E3 is all about big announcements, which usually means somebody, somewhere says something that doesn’t make a whole lot of sense. Whether they’re speaking hyperbolically, or they’re flat out lying, sometimes E3 just ends up giving gamers something to laugh at, or feel offended by. This year, at E3 2016, the biggest of these has to go to Microsoft, with their absurd “highest quality pixels” statement during the Xbox One Project Scorpio announcement, which we made a lot of fun of on the AOTF Podcast.
Around 1:31 in the video below you’ll hear what is now the edited version of this statement. Originally the trailer said “these are the highest quality pixels that anybody has seen” after the “uncompressed pixels” comment. If you view any of the full live streams though, you can still find the statement near the end of the conference, such as right here.
The removal of the statement isn’t too shocking, it quickly became the “giant enemy crab” moment of this E3. There have already been videos, Reddit posts, and other memes made about this statement, so Microsoft seems to be trying to distance themselves from it.
The humor comes from the idea of “high quality pixels”. Just in case you aren’t aware, this is a ridiculous thing to say, because a pixel is simply a single point of light (for clarity, pixels are made up of smaller subpixels, so technically three dots of light that form one point for your eye). Sure, a TV or monitor might have higher quality pixels, in that they are physically made to be brighter, or more vibrant, but a game console can’t. It is just sending the image along for the display to render.
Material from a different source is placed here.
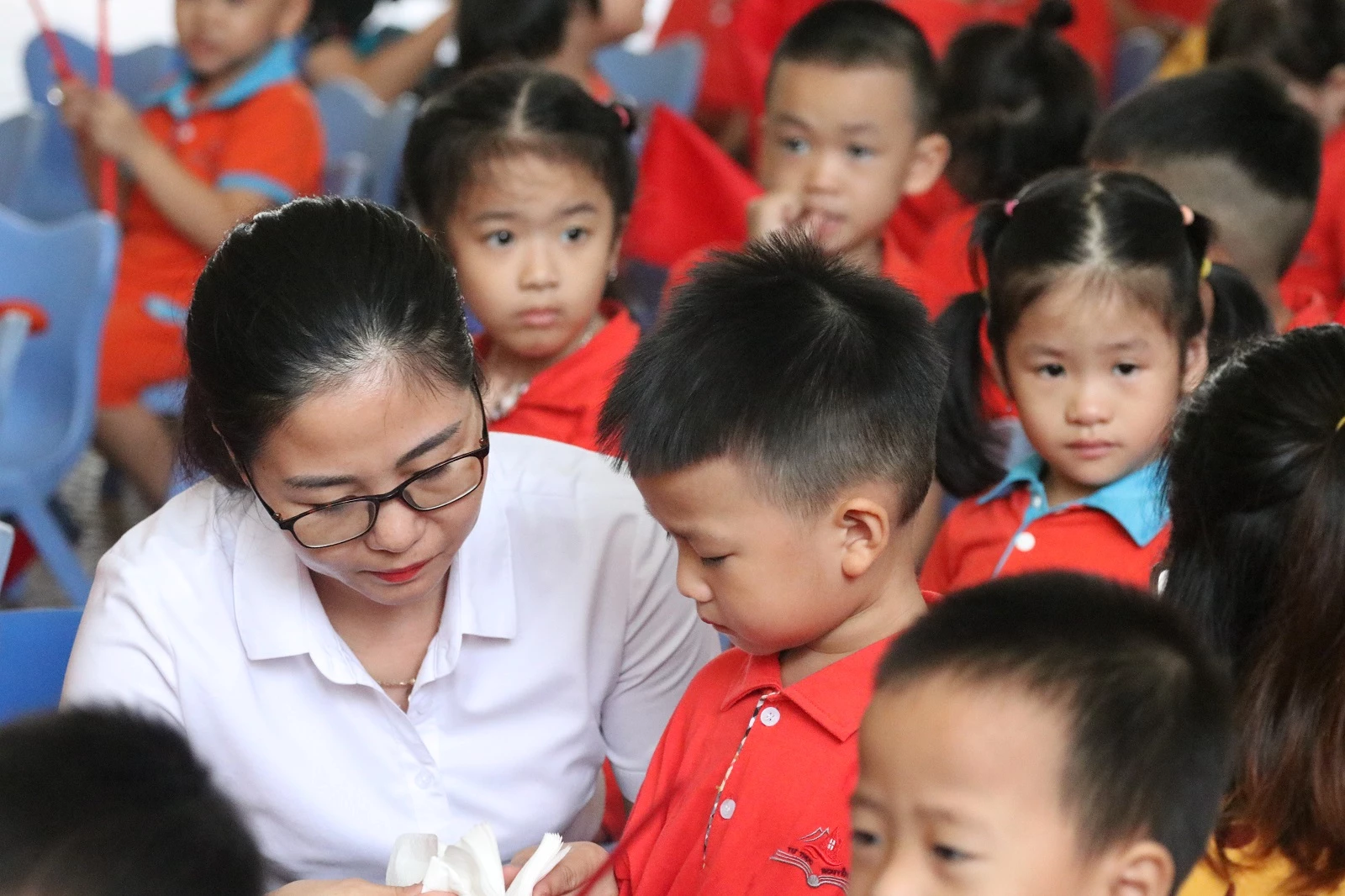 hòa chung với không khí cả nước, khoảng 280.000 học sinh trên địa bàn tỉnh Thừa Thiên - Huế nô nức đến trường, dự lễ khai giảng năm học 2022-2023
This particular section of the trailer is still pretty absurd though, with the “uncompressed pixels” part being left in. Sure, video being compressed lowers quality, but it’s not really the individual pixels that are compressed. The whole thing is just crazy, and should have been removed before it was blasted across the internet to millions of gamers, most of which know that saying you have the “highest quality pixels” is like saying you have “the best polygons” or some other equally useless phrase. And it seems that Microsoft agrees, since they went to the trouble of editing it out of the final upload.